▶ [WHAT IS REQUIRED]
From the line containing "Настенный светильник (бра)" to the line containing "Image for Wappen" in the records below, set down every line exactly as it stands, both ends included, and skip the pictures.

▶ [EXERCISE MATERIAL]
━━━━━━━━━━
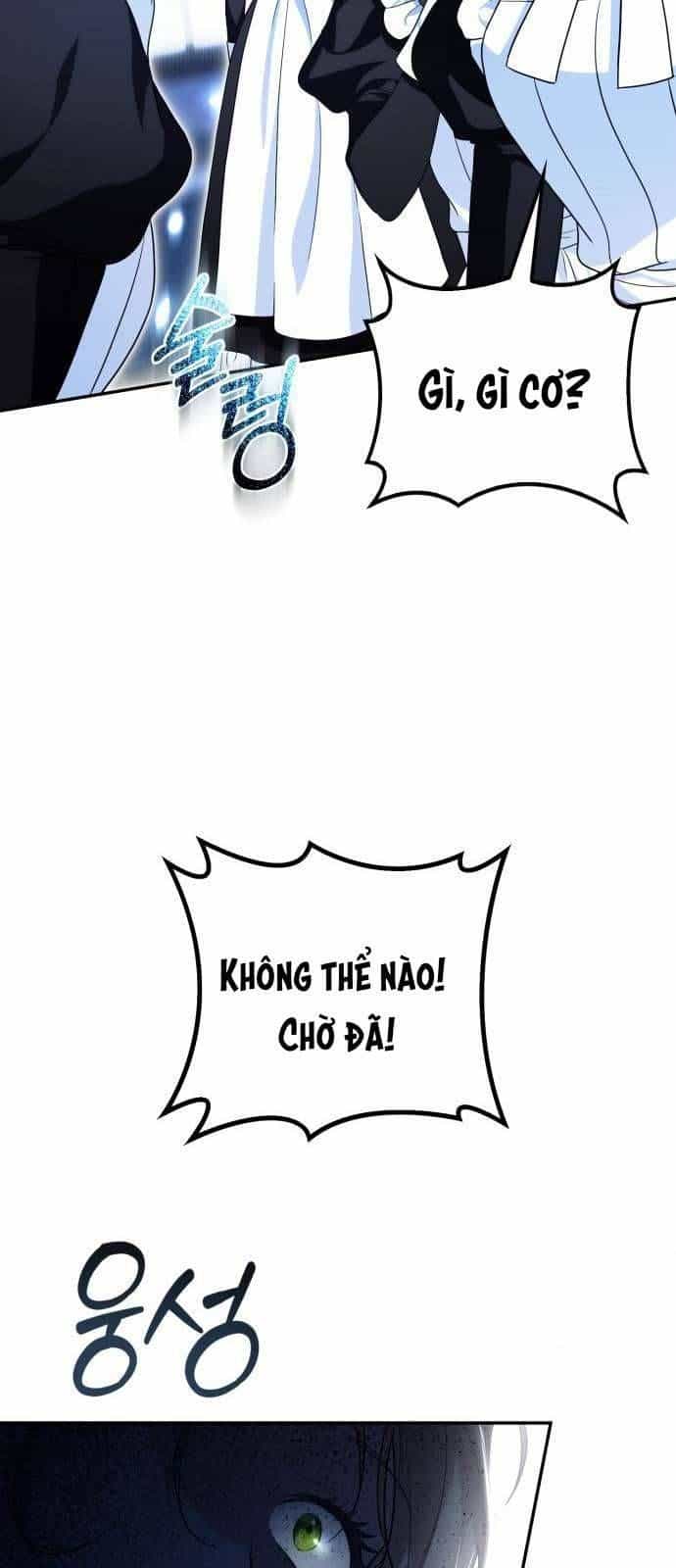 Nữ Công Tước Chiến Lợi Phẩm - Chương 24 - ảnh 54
━━━━━━━━━━
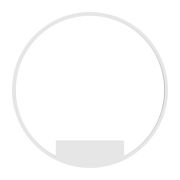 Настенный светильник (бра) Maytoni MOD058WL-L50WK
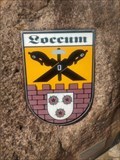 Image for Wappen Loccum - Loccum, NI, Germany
━━━━━━━━━━
▶ [ANSWER FOR THE TASK]
 Настенный светильник (бра) Maytoni MOD058WL-L50WK
 Image for Wappen Loccum - Loccum, NI, Germany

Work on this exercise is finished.